Fast Food Controversy Is Really Slow Cooked PR

mcdonalds-protestThe issue of how much fast food workers are paid has risen quickly in recent months toward the top of the mainstream news agenda. Today, well-orchestrated and promoted protests, filled with emotion and visuals, at fast food restaurants in Detroit and other markets are receiving news coverage and reinvigorating a public debate that seems to pop up every few months (and not by accident).

This is a well-organized and well-funded membership drive by the Service Employees International Union, fueled by an exceptionally effective and strategic PR campaign. Regardless of whether or not this adds fast food workers, en masse, as dues-paying members of the SEIU, this campaign should be considered successful for two reasons:

1) It put an issue “on the map.” While the minimum wage has been an off-and-on debate politically and otherwise in recent years, this campaign put the focus squarely on fast food work hourly wages. The union capitalized on the fact that virtually all Americans, at one time or another, have eaten at a fast food chain and had direct contact with employees. They fronted their campaign with a relatable piece of the issue.

2) They put people out in front.
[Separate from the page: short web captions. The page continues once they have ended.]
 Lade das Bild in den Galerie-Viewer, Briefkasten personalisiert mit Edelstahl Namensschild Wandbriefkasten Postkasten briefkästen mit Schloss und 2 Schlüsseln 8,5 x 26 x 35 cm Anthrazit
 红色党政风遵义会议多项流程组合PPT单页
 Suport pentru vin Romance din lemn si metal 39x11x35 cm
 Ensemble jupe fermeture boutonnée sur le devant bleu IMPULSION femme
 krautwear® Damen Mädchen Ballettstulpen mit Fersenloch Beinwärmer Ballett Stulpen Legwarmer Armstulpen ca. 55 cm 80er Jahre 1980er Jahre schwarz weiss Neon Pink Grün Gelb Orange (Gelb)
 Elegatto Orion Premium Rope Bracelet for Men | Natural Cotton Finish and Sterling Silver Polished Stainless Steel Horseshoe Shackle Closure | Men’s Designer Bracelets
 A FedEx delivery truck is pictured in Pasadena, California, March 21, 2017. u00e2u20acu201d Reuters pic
They didn’t lead with their recruitment effort, as they have with health care workers for whom the public messages have been about work rules and other aspects of traditional union recruitment. In this case, they have strategically targeted restaurants and highlighted stories of their employees for whom the public would be most likely to feel sympathy upon learning of the stories via traditional, mainstream media. They clearly understand and have acted upon a PR truism – the best stories and the most effective stories are always those about people.

No matter where you stand on this issue, it should be easy to admit that the fact that it is even an issue in the first place and one that keeps on attracting visibility is due to a PR campaign that is accomplishing its goals.